Yargıtay - Telefon Dinleme
Son günlerde Yargıtay çok gündeme geldi. Maalesef adalete zaten az olan güven daha da sarsıldı. Bir hukukçu olarak bundan çok büyük üzüntü duyuyorum ve buna neden olanlarında hukukçu olmaları üzüntümü daha da arttıryor.
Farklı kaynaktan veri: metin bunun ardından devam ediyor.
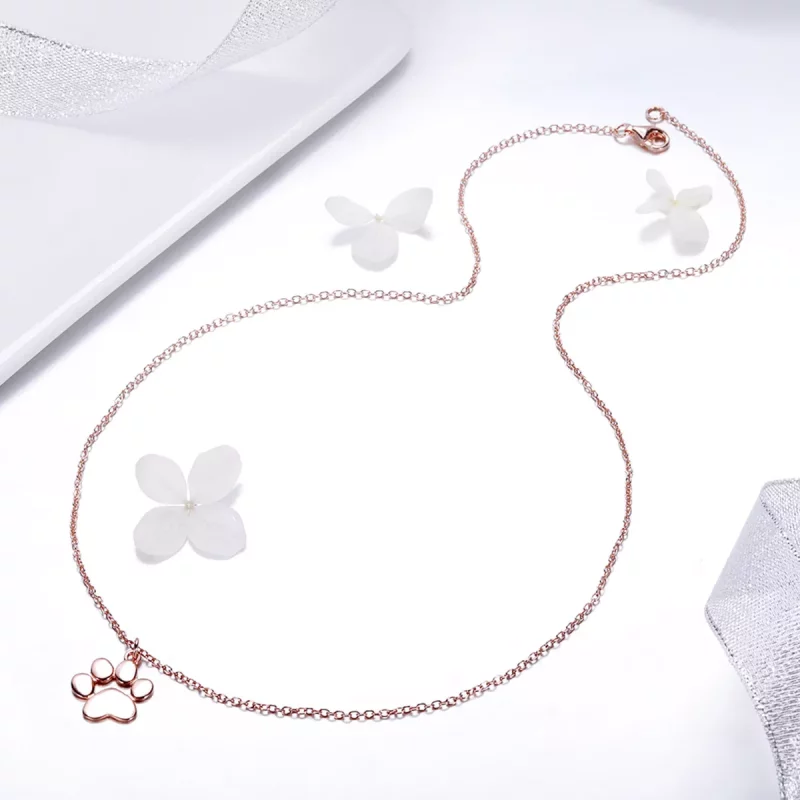 (imagen para) Collar de Plata Estilo Pandora con Lindo Colgante de Huella - SCN275-3 - Ver 5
Ben olaya mafya ilişkilerinden ziyade eldeki deliller ve bunların değerlendirilmesi açısından yaklaşmak istiyorum. Malumunuz Neşter 2 operasyonu neticesinde Yargıtayımız bence çok sakıncalı, ileriyi gören! bir karar verdi. Mahkeme izniyle dinlenen kişilerin telefonları dinlenirken bazı yargıtay üyleri de dolaylı dinlemeye yakalanmışlardı ancak Yargıtay bu telefon kayıtlarının yasal delil olmayacağına karar verdi.
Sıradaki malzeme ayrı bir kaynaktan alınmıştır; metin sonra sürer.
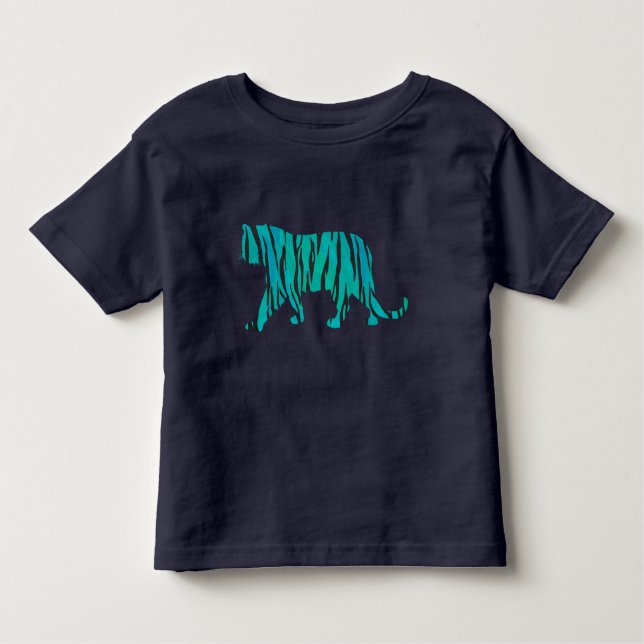 Tiger Schwarz und Aquamarine Silhouetten Shirts (Vorderseite)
Bu son olayda da içeriğini bilmediğimiz (medyada çıkanlar için bir şey söylemek istemiyorum) dolaylı dinlemeler var ve bunlarda büyük ihtimalle herhangibir soruşturmada dikkate alınmayacak. Bu husus bence dokunulmazlık zırhına sığınan milletvekillerininkinden farklı değil. Ve ülkemizde siyasetçiler nasıl yıpranmışsa, adalet mekanizması da giderek erozyona uğruyor.
Burada biz hukukçular birazda kendimizi eleştirmeliyiz bence. Bu ülkede ilk kez bir başbakan malum şahısla olan diyalogları neticesinde Yüce Divan da yargılanacak. Ama sayın Yargıtay Başkanımız birkaç gün ortalarda gözükmeyerek, sonra MİT Yargıtaydan çıksın diyerek bilgi verdim gibi açıklamalar yaparak, olayı geçiştirmeye çalıştı. Ama gündem durulacak gibi değil bence.
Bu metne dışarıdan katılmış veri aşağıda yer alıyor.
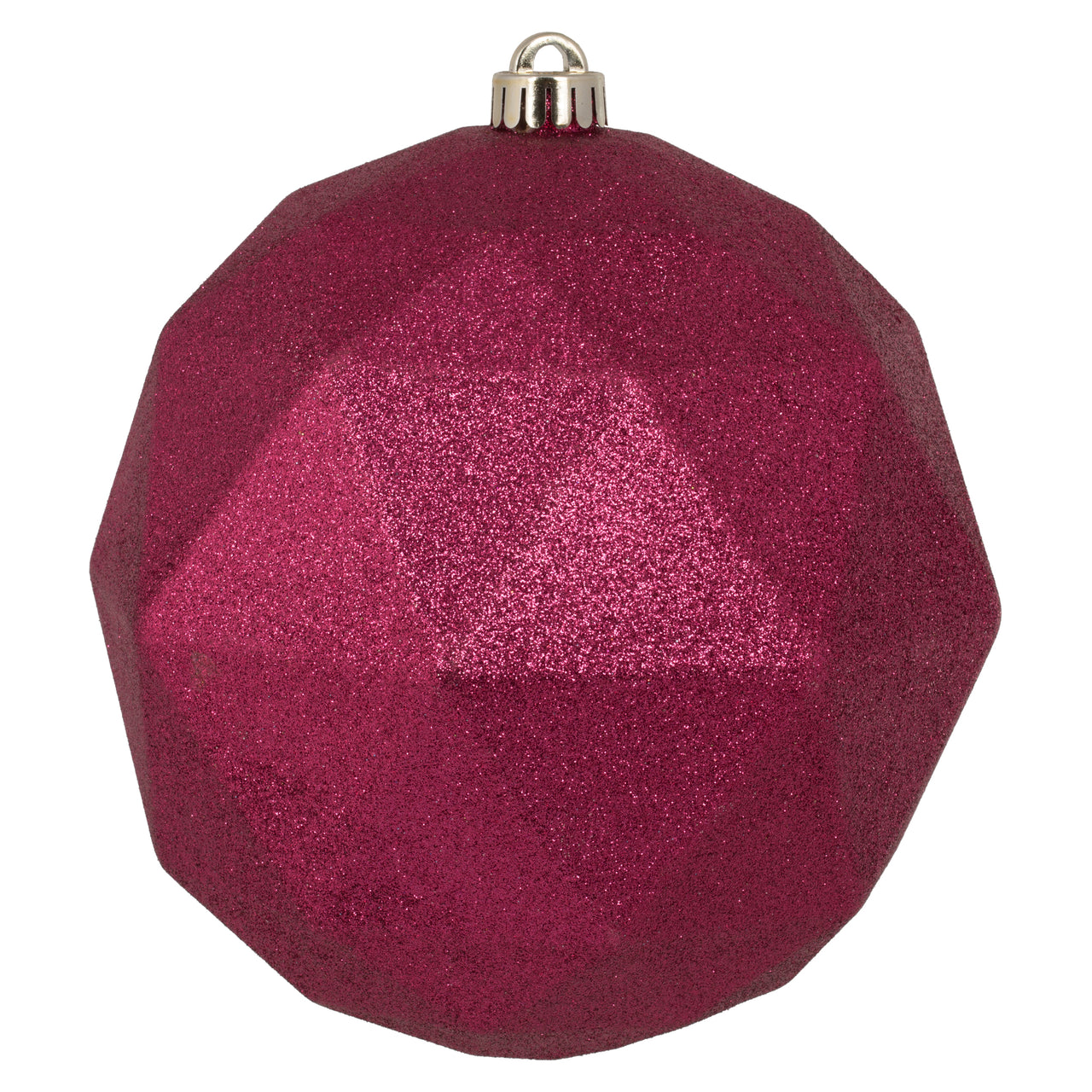8" Berry Red Glitter Geometric Ball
Ülkemizde şöyle yanlış bir kanı var, istifa edersem suçlamaları veya hatalı olduğumu kabul etmiş sayılırım. Yok öyle birşey, ortada böyle sansayonel bir olay varsa içinde bulunduğun kurumu yıpratmamak adına istifa edersin, haklıysan da bu zaten ortaya çıkar ve 2 kere takdir toplarsın. Ama bu olgunluğa ulaşmamıza çok var daha sanırım.
Adli yıl açılış törenine doğru bu tartışmalar daha da yoğunlaşacak gibi gözüküyor, bekleyip göreceğiz.